Time Series

Time series forecasting predicts future values based on past observations ordered in time. Unlike standard supervised learning, the sequence matters—you can't shuffle rows or treat observations as independent.

Time series forecasting uses historical data (blue) to predict future values (orange). The model learns patterns from the past and projects them forward, with uncertainty typically increasing further into the future.

What Makes Time Series Different

Temporal dependency: Future values depend on past values. Today's sales relate to yesterday's, last week's, and seasonal patterns.

Ordering matters: You can't randomly split or shuffle the data. Time flows forward. Training happens on earlier periods, testing on later ones.
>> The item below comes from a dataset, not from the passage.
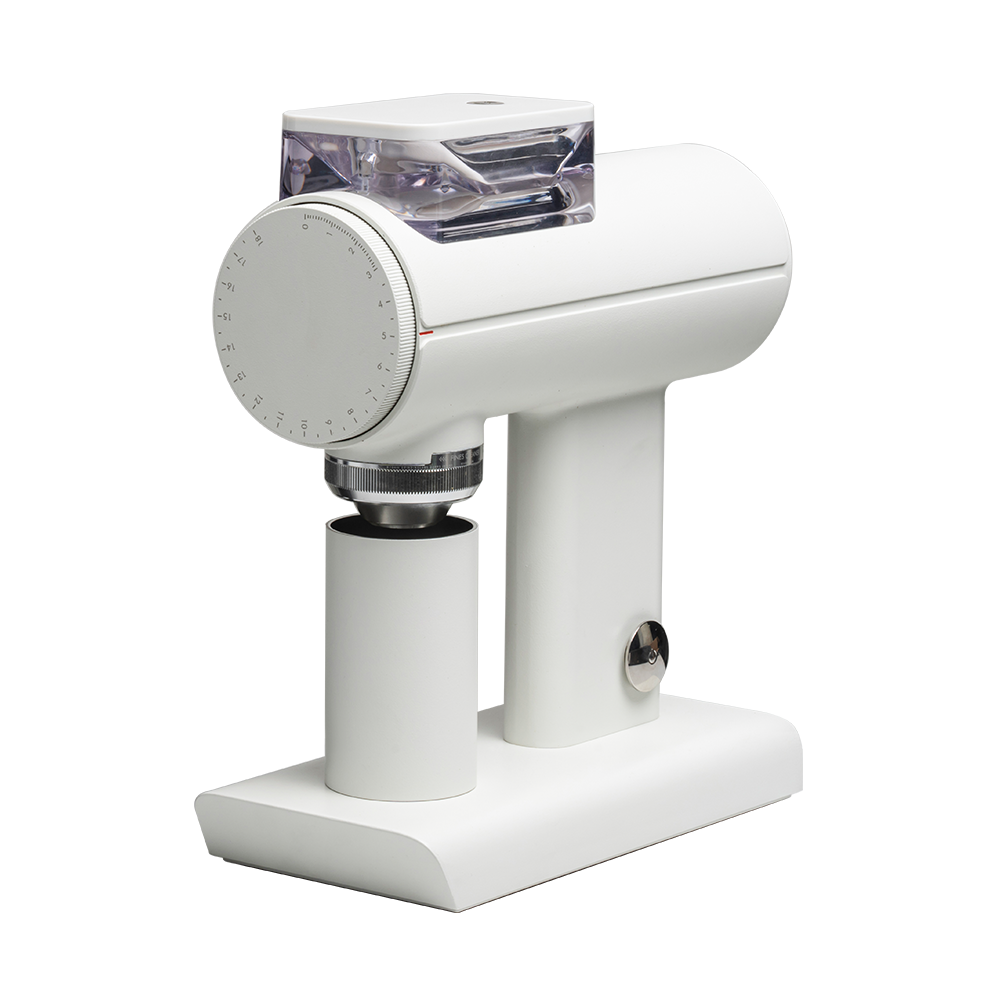Timemore Sculptor 078S Electric Grinder in white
Multiple components: Most series combine trend (long-term direction), seasonality (repeating patterns), cycles (irregular longer-term patterns), and noise (randomness).

Frequency: Data collected daily, hourly, monthly, etc. The frequency determines what patterns you can detect.

Types of Time Series

Univariate: Only the target variable—predict tomorrow's sales using past sales.

Multivariate: Additional time-dependent features—prices, promotions, weather, competitor activity.

Regular: Evenly spaced timestamps (every hour, every day).

Irregular: Missing timestamps, uneven spacing.

Key Concepts

Stationarity

A stationary series has constant mean, constant variance, and stable relationships between values at different lags. Most forecasting models assume stationarity.

Why it matters: Models learn patterns that stay consistent over time. Non-stationary series have shifting patterns that confuse models.

How to detect:

Visual: Plot the series. Rising/falling trend = non-stationary. Growing variance = non-stationary.
Autocorrelation: Slow decay at large lags suggests non-stationarity
Tests: Augmented Dickey-Fuller (ADF) tests for unit root. KPSS tests for stationarity.

How to fix:

Differencing: Subtract previous value to remove trend
Seasonal differencing: Subtract value from same season (lag 7 for weekly, lag 12 for monthly)
Log transform: Stabilize variance when it grows with level
Box-Cox transform: General variance stabilization

Decomposition

Break the series into components:

Additive: Y = Trend + Seasonal + Noise (seasonal magnitude stays constant)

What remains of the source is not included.